* Assignment: Repeat exactly the lines of the records below, starting at the line containing "vidaXL Σετ Καναπέ" and ending at the line containing "VitaPet Chicken With". Leave the pictures out.

* The records:
━━━━━━━━━━━━━━━━━━━━
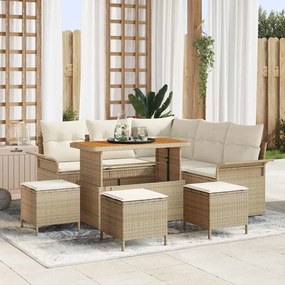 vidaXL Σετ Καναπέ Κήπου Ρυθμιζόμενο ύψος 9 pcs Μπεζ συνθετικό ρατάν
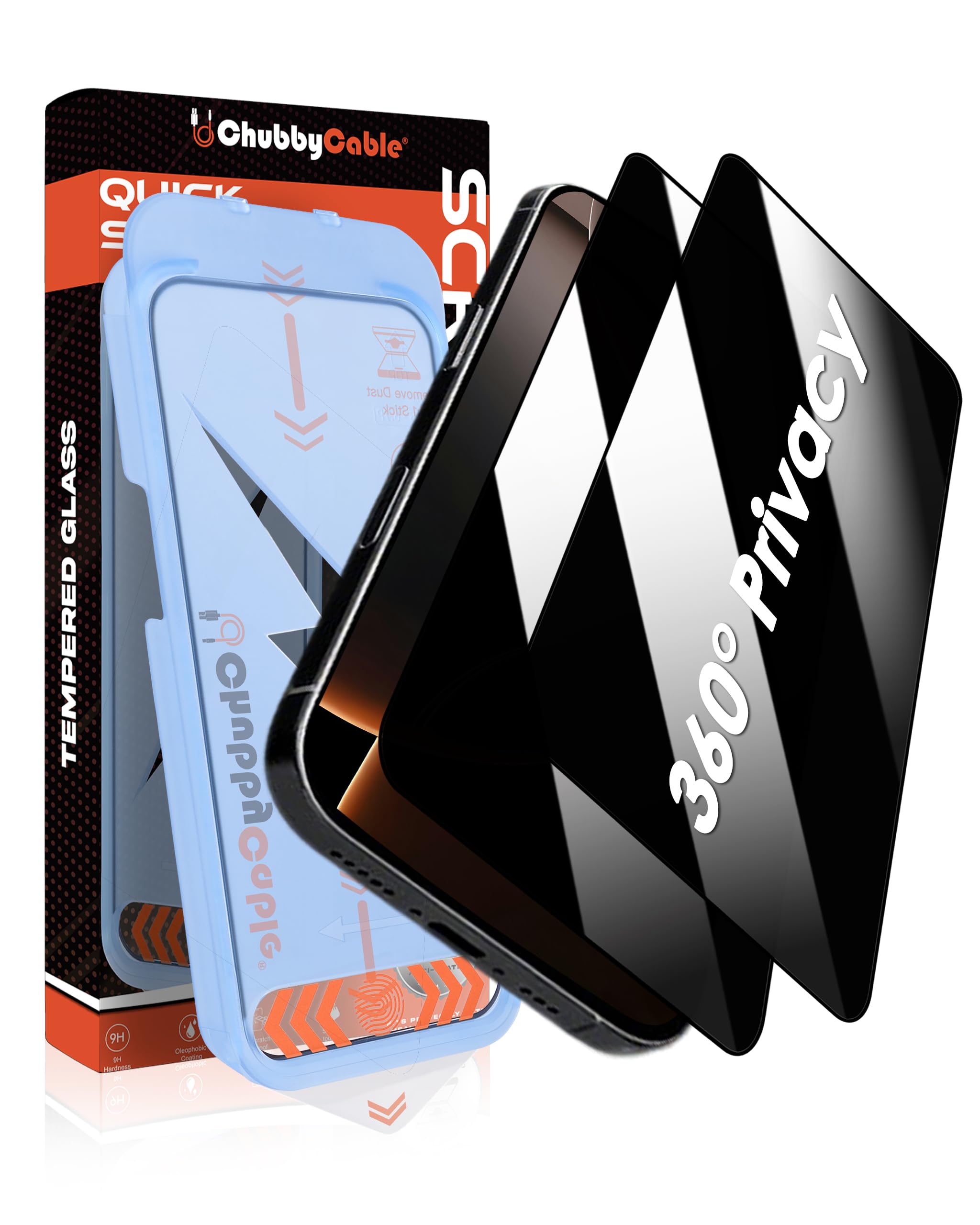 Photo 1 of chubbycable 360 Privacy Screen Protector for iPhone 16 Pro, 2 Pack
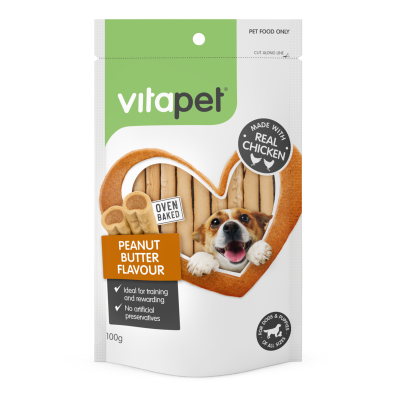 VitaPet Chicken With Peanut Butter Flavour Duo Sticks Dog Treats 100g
━━━━━━━━━━━━━━━━━━━━
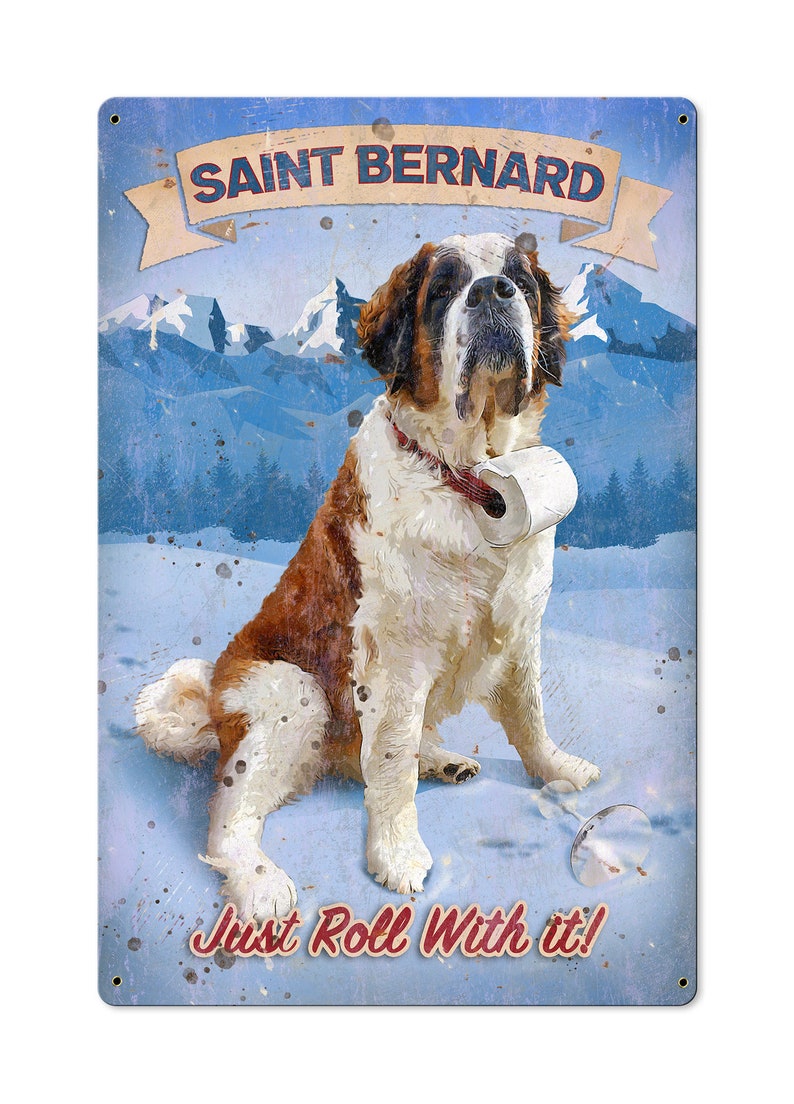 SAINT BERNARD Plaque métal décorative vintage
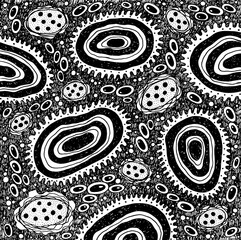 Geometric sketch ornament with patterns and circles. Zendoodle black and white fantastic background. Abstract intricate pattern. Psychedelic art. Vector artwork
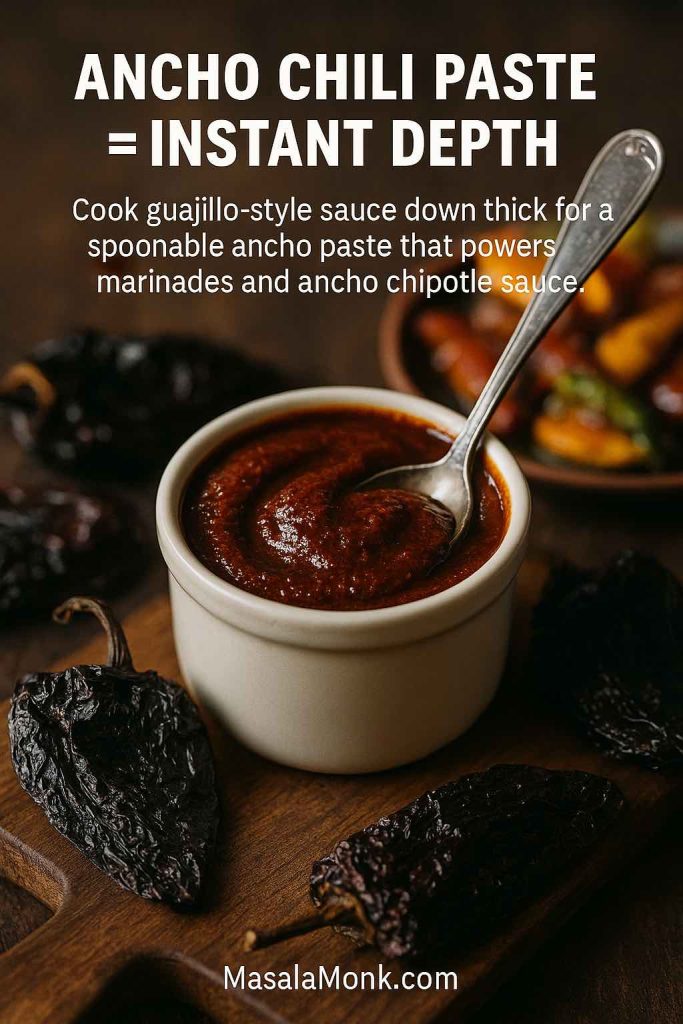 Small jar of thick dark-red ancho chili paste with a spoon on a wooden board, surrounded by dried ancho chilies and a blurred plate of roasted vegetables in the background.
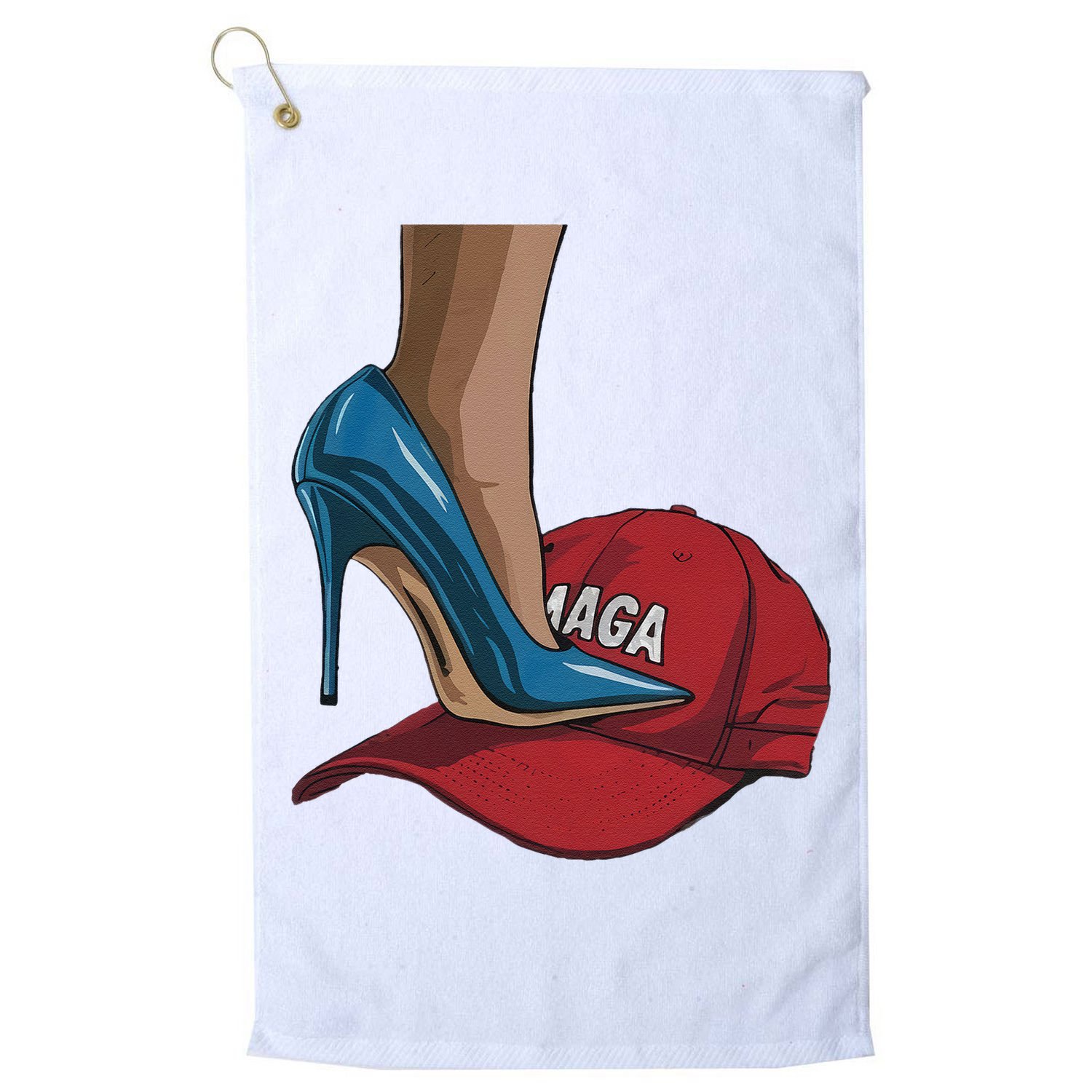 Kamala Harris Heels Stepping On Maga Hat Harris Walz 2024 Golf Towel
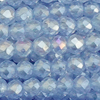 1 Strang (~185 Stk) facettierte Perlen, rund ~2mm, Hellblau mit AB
━━━━━━━━━━━━━━━━━━━━
* Worked solution:
 vidaXL Σετ Καναπέ Κήπου Ρυθμιζόμενο ύψος 9 pcs Μπεζ συνθετικό ρατάν
 Photo 1 of chubbycable 360 Privacy Screen Protector for iPhone 16 Pro, 2 Pack
 VitaPet Chicken With Peanut Butter Flavour Duo Sticks Dog Treats 100g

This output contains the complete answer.